Please use this identifier to cite or link to this item: https://www.um.edu.mt/library/oar/handle/123456789/80625
Title: Detecting gender bias and cross-cultural differences from text
Authors: Lagaa, Muhanned B. (2021)
Keywords: English language -- Data processing
Arabic language -- Data processing
Discrimination in language
Language and culture
Machine learning
Issue Date: 2021
Citation: Lagaa, M.B. (2021). Detecting gender bias and cross-cultural differences from text (Bachelor's dissertation).
Abstract: This study is centered on detecting cultural differences and gender bias in text. By building a word embedding model that is trained over a text of corpora in two different languages which are Arabic and English. These models will then be tested to obtain results from all the corpora used. Three different corpora will be used in each model which are News, Wikipedia and Twitter corpus. There are two sets of words that will be checked. The first set is the emotion words such as honorable and fear. And profession words such as nurse and teacher. A survey will be conducted for gender_bias which aims to look at the cultural difference as the participants are two groups, one of English speakers and of the Arabic speakers. So the results of the models can be compared to the results of the survey.

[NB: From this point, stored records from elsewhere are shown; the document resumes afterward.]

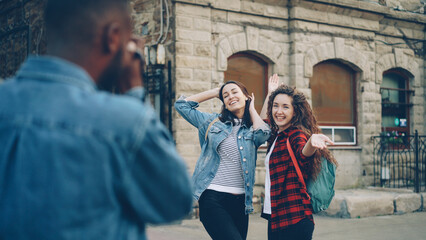 African American man tourist is taking pictures of his pretty female friends posing for camera. Tourism, photography and youth concept.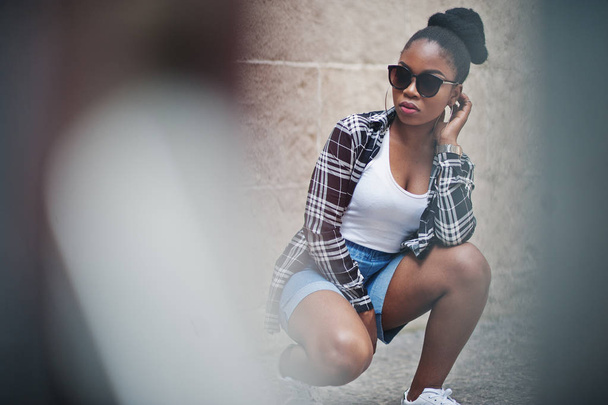 Hip hop african american girl on sunglasses and jeans shorts. Casual street fashion portrait of black woman. - Фото, зображення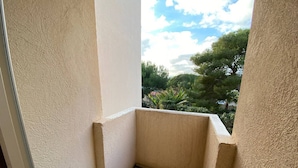 Un petit balcon fermé, d’où l’on peut admirer les arbres et un ciel nuageux.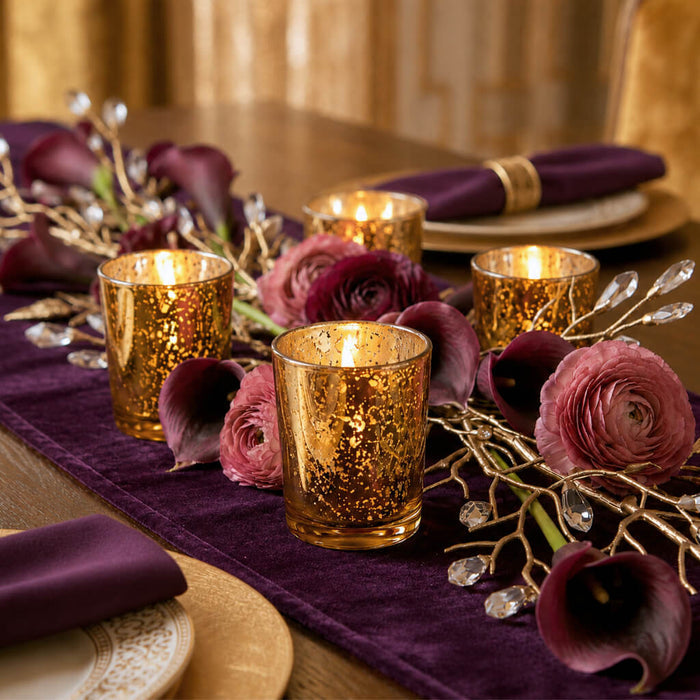 Amber Gold Mercury Votive Holders with lit candles on a plum runner with calla lilies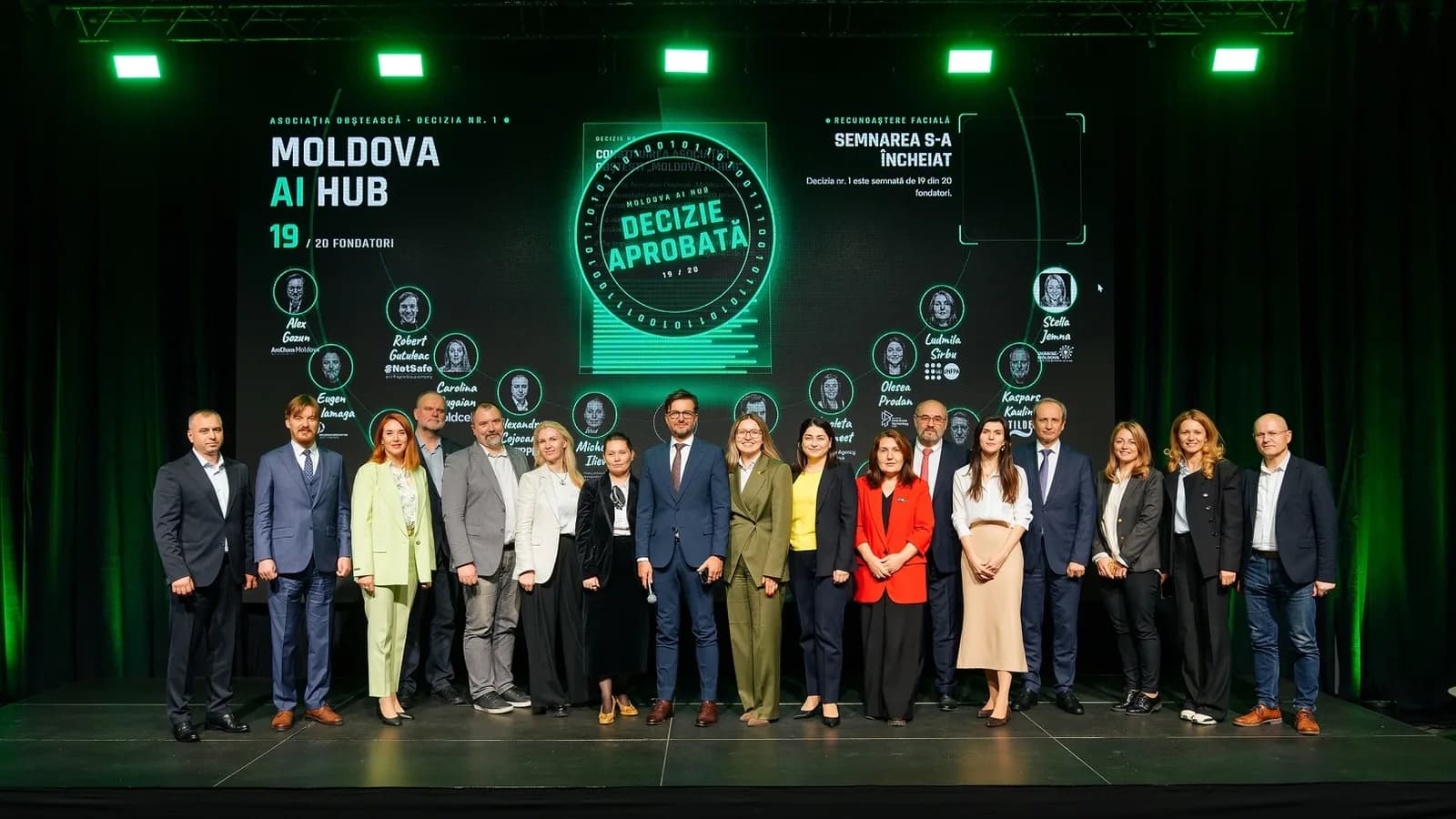 Fondatorii Moldova AI Hub pe scenă, în fața unui ecran cu inscripția „Moldova AI Hub – Decizie aprobată”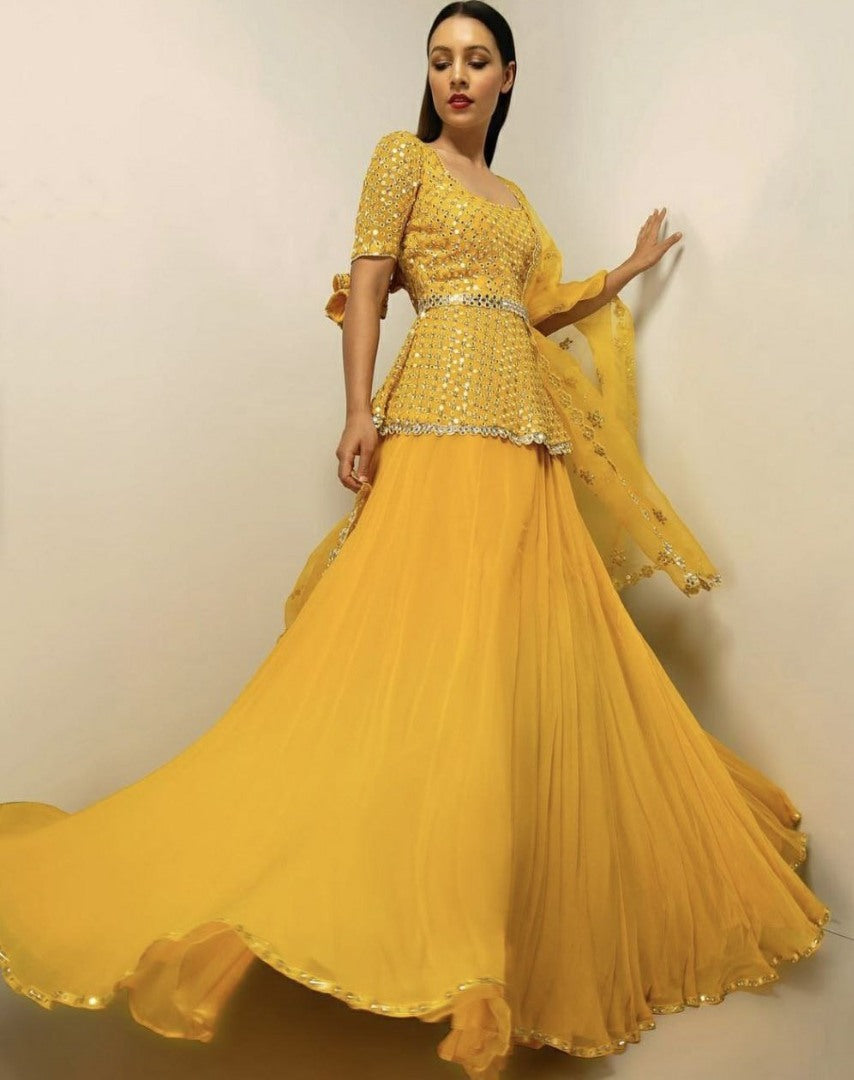 Yellow sequence work lehenga with long choli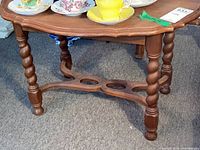 Photo of ornate wooden side table showing scalloped edge top and turned legs with decorative stretcher base.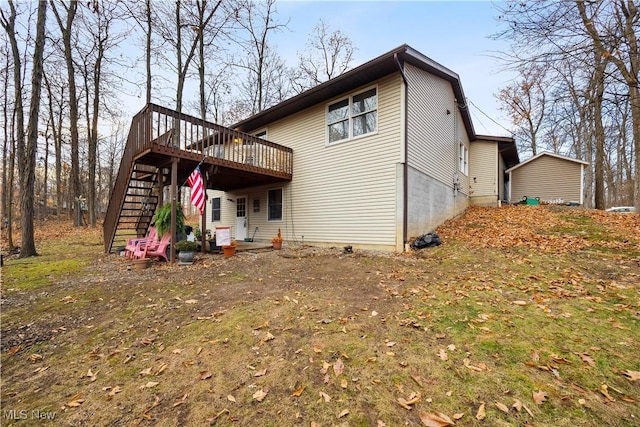 1284 Laurel Dr, West Salem, OH 44287 - rear view of house featuring a deck and stairs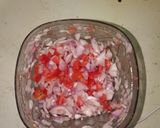 A picture of step 1 of Onion Jowar Atta Pakoda.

The study presents interesting results and shows the task of detecting gender_bias automatically in text. It is still based on a relatively limited sample of corpora, such that these results can be improved if they were trained and tested in a large corpora. However, the results still showed gender_bias, cultural differences and the importance of the corpus used as the type of the corpus can be biased.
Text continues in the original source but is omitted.